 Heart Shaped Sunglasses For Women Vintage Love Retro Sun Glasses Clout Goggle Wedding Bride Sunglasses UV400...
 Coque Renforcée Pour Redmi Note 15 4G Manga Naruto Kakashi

——

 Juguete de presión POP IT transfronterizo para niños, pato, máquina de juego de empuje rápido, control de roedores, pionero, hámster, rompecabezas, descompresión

——

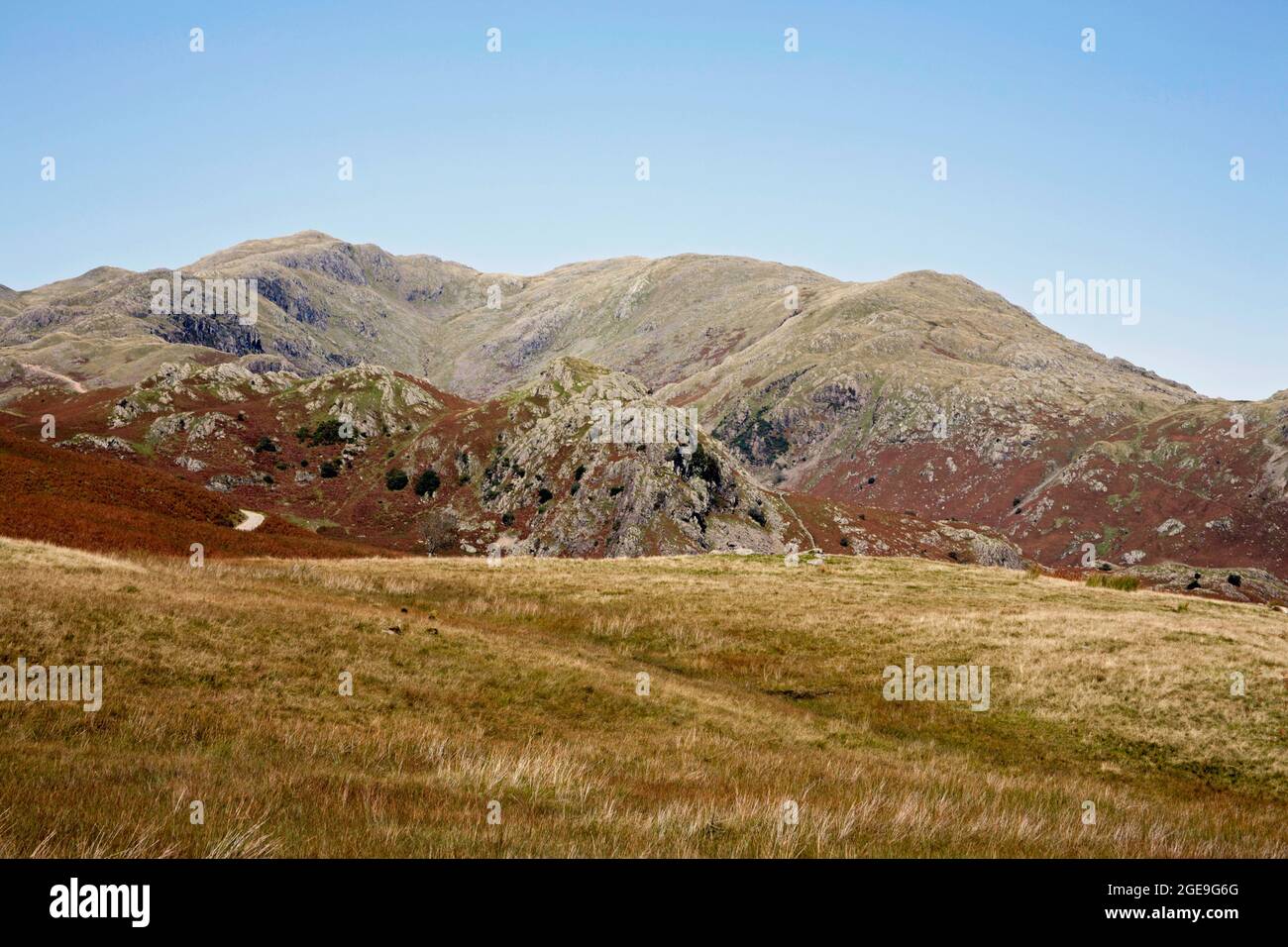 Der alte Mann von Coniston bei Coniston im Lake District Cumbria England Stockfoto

——

ASSIGNED TASK » Given the records above, return exactly the lines starting at the line containing "Heart Shaped Sunglasses" and ending at the line containing "Coque Renforcée Pour", including both.

ANSWER TO THIS EXERCISE »
 Heart Shaped Sunglasses For Women Vintage Love Retro Sun Glasses Clout Goggle Wedding Bride Sunglasses UV400...
 Coque Renforcée Pour Redmi Note 15 4G Manga Naruto Kakashi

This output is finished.